I’m a bit uncomfortable with the destruction part of the Schumpeter term “creative destruction”. Many economic thinkers believe it is a required process and that progress cannot be made without destroying what existed before. It’s an idea that found a ready marketplace of minds amid 20th century experiences of world wars, flattened cities, culled generations and terrible times. Today, some would actively bring it on more frequently – seeing periodic destruction as good for economic progress; the same thinkers believe in unfettered “greed is good”. I’d prefer to see societies evolve to find a more thoughtful, agreed and gradual disassembly and rebuilding process, than random destruction. But for now it seems, that makes me a naive dreamer.
Last week I visited Ireland and if you want to see an example of creative destruction at work this is it. A banking crisis, a construction industry crisis, massive government debts, EU bailout assistance with harsh austerity conditions attached, deep recession, unemployment and (as my taxi driver sadly confirmed) the cream of its talented youth emigrating. And yet I saw evidence of real progress in discussions I had.
We organised a Gartner breakfast briefing for CEOs and COOs – at which I went through some of Gartner’s findings from our most recent international CEO survey and perspectives on the emergence of digital business strategy.
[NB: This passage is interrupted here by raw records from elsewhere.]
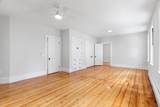 59 Arlington St - Photo 31
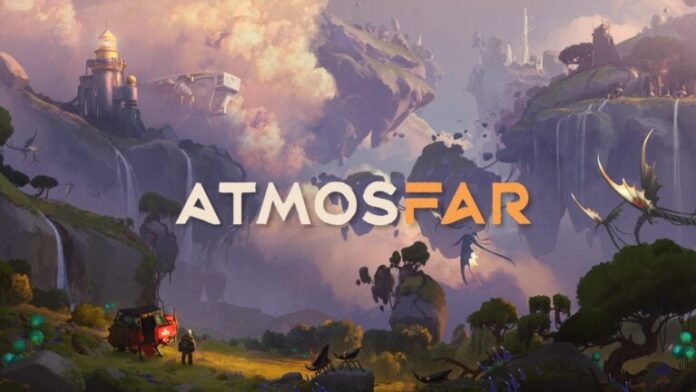 gamen.pro ATMOSFAR Ann 06 08 25 768x432 1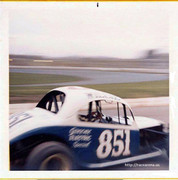 Willie_Beardsley_Coupe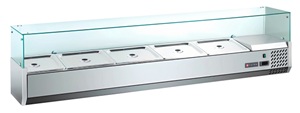 UNOX XB693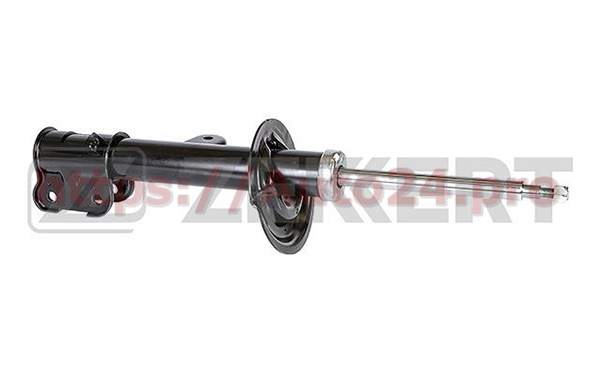 SG-6305 Zekkert для HYUNDAI 546502B510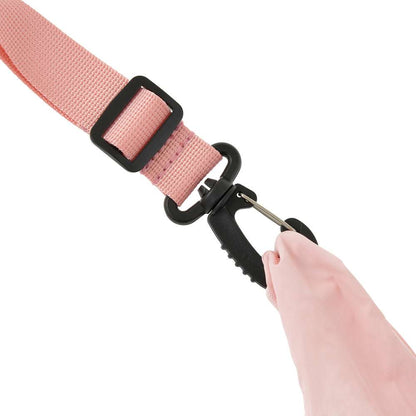 Mickey/ Minnie/ 三眼仔/ Chip & Dale/ Goofy | 2Way Eco Bag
Through that day and the next I then met with a number of CIOs to discuss what they were working on. I came away impressed that, with the worst behind them – Ireland’s business leaders are now working to build a stronger, digitally enabled economy.
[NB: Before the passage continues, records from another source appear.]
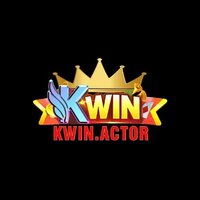 K WIN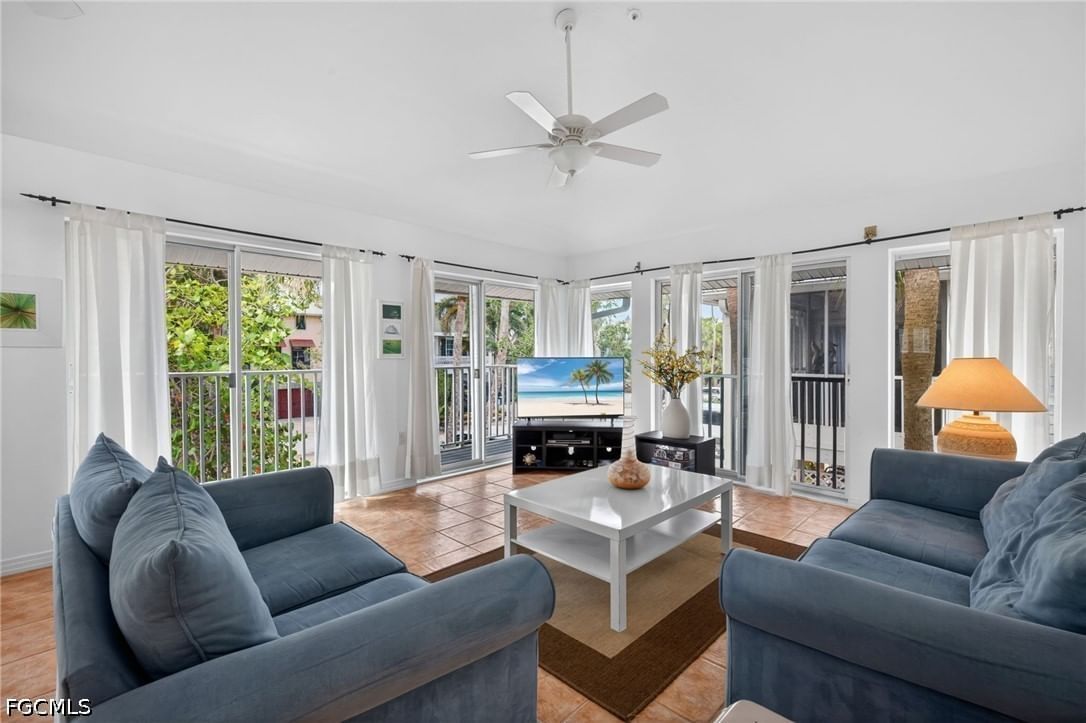 11508 Wightman Lane, Captiva, FL 33924 photo 4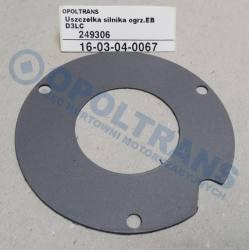  251822060002 DAF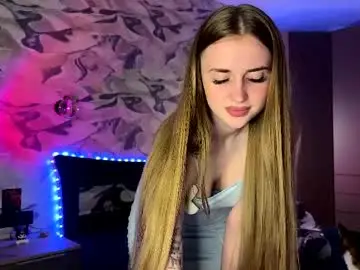 Chaturbate Sex Chat of jessica1west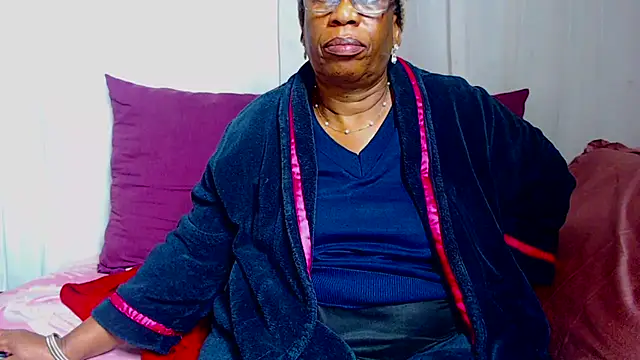 Snapshot of Freakyassnwildx chatting on September 2025 07:19:02 PM Freakyassnwildx online show from September 2025 07:19:02 PM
I met a strategy leader who is considering how to advance the operating model of his hi-tech firm as new opportunities like data science and the internet of things emerge. I met a CIO who is working to significantly strengthen his company’s multi-channel capability. I met one company that recently appointed a “chief data officer” and another that is likely to do so in the near future. And in all the conversations I saw a new level of engagement and commitment towards information and technology related innovation inside businesses.
In a subsequent interaction, the CEO of Allied Irish Bank gave us a quote that really nails the change of emphasis and the leadership direction taking hold among some business thinkers in Dublin. In leading change within his bank David J. Duffy says:
“We must position ourselves in the future on the retail side as a payments and cash management technology utility and we must think of ourselves as a technology franchise that is delivering a banking service rather than the other way around.”
This is radical thought indeed. The centrality of technology based capability in non-tech firms is starting to be recognized in a way we have never heard or seen before.
Perhaps it takes a crisis to remake a strategy.